Re-Examination

From Justice Definitions Project

What is Re-Examination?

Re-examination is the act or process of examining a witness in a court of law, after they have been cross-examined by the opposing counsel. The purpose of re-examination is only to get clarification of any doubts created in cross-examination. It allows the advocate to ask further questions but only if they are regarding any matter which arose during cross-examination.

Official definitions of Re-examination

Section 137 of the Indian Evidence Act, 1872, (IEA) and Section 142 of the Bharatiya Sakshya Adhiniyam, 2023, define Re-examination as – “The examination of a witness, subsequent to the cross-examination by the party who called him, shall be called his re-examination.” Along with this, they also define Examination-in-Chief and Cross-examination.

Black’s Law Dictionary defines it as “An examination of a witness after a cross-examination, upon matters arising out of such cross-examination.”

Objective of Re-examination

The purpose of re-examination is to ask questions which would give an explanation to the answers given by the witness in cross-examination. It is to clear obscurities and also put new facts which came out during cross-examination, in proper perspective.

The Supreme Court while exhaustively discussing the object of re-examination, held that not only are ambiguities regarding cross-examination cleared in this procedure, but also, any other explanation that the Public Prosecutor might require.[1] So, the Public Prosecutor has the freedom to ask questions he deems necessary for that purpose, subject to the control of the court.

Rules followed during Re-Examination

Order of Examination

The order for the examination of witnesses is mentioned in Section 138 of the Indian Evidence Act and Section 143 of Bharatiya Sakshya Adhiniyam – examination-in-chief, followed by cross-examination, and lastly, a re-examination.

Questions during Re-Examination

The re-examination must be confined to the explanation of matters arising in cross-examination. Further, it has been held that one cannot supplement examination-in-chief with re-examination and start introducing new facts without concern for cross-examination.[2] New matters can be introduced during re-examination only with the permission of the Court, and then the opposing party has the right to cross-examine the witness on the same point.
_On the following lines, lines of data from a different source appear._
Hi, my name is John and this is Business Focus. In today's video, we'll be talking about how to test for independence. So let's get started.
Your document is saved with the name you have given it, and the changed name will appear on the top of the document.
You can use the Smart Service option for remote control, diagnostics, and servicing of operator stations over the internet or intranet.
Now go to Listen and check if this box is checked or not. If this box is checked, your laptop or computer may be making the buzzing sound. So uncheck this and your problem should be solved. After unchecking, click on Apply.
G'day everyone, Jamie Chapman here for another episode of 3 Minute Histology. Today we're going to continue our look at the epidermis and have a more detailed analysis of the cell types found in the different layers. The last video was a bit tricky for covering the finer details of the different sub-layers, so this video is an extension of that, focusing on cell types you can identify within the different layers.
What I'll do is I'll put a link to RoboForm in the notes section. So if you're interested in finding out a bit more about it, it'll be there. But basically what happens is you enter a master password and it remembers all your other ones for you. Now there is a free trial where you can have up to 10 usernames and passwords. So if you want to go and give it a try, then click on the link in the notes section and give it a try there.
Recall of witness by Courts

The Allahabad High Court held that while it possess the authority to summon any witness under Section 311 of Code of Criminal Procedure, it cannot invoke casually at the mere request of a litigant. The authority is exercised only when it is essential to summon a witness necessary for the just decision of a case. Further, it also held that discrepancies in the examination and cross-examination of a witness do not give rise for grounds to recall witness or call another witness.[3]

Importance of Re-Examination

The Supreme Court held that the closing of prosecution evidence is not an absolute bar to summon and examine or recall and re-examine a witness at any stage. It is based on the test of essentiality of evidence, that the Court could re-call the witness for re-examination. The Court held that filling in the lacunae of the prosecution’s case cannot bar the allowance of an application under Section 311 CrPC.[4] This is to prevent derailment of justice, and ensure that the truth is discovered, to manifest justice.
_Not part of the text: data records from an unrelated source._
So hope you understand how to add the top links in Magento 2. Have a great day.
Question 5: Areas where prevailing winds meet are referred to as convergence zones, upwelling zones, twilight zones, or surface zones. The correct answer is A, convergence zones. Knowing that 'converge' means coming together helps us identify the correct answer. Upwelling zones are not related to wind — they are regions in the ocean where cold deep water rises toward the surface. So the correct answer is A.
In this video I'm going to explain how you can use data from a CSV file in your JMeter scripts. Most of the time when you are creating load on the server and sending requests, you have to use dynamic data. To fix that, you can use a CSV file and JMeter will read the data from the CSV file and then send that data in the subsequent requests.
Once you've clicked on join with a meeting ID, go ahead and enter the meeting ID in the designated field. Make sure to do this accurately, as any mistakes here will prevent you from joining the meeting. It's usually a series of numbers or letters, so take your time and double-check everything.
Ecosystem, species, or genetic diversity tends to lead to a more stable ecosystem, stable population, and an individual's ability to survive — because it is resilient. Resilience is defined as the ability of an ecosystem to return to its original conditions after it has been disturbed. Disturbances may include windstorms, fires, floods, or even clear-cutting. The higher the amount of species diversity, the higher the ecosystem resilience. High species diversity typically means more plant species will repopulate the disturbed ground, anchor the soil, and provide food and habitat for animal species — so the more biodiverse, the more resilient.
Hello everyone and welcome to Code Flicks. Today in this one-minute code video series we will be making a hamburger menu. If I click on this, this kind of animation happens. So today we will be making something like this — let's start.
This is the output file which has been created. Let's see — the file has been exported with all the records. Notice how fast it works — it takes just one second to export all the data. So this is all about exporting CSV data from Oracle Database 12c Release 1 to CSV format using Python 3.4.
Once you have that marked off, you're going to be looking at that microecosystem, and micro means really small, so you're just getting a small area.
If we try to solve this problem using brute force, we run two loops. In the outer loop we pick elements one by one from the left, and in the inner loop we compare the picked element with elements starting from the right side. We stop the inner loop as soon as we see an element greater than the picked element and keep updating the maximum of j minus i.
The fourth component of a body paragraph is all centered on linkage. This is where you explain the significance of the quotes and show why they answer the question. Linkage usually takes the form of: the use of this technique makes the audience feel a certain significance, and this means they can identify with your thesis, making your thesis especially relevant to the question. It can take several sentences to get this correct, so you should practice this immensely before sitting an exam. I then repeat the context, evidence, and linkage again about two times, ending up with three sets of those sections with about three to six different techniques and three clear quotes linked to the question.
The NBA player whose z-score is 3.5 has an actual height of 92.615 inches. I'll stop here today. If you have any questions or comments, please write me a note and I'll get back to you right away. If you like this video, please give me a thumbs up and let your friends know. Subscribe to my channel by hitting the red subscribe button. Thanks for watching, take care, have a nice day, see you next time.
The Madhya Pradesh High Court held the re-examination should be done to the satisfaction of the court, as it is paramount for the just decision of the case. At the same time it held that allowing re-examination must be used sparingly and judiciously with utmost care and caution to obtain the truth and proof of the facts.[5]
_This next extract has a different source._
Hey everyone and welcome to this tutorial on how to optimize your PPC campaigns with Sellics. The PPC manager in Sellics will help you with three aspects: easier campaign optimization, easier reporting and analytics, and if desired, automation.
Research that engages with Re-Examination

Re-Examination

This paper by Judith Robinson, claims that the process of re-examination is the trickiest part of witness testimony, as there may be very little to almost no preparation of witnesses for the same. Thus, the author argues that this process should be approached with considerable caution, especially when some inconsistency as arisen between the examination-in-chief and cross-examination.


  1. Rammi Alias Rameshwar v. State of Madhya Pradesh, 1999 (8) SCC 649.
  2. Pannayar v. State of Tamil Nadu, by Inspector of Police, AIR 2010 SC 85.
  3. Ashutosh Yadav v. State of UP, 2024 SCC OnLine All 1018.
  4. Varsha Garg v. State of M.P, 2022 SCC OnLine SC 986.
  5. Paijaram v. State of M.P., M.Cr.C. No. 11624/2016.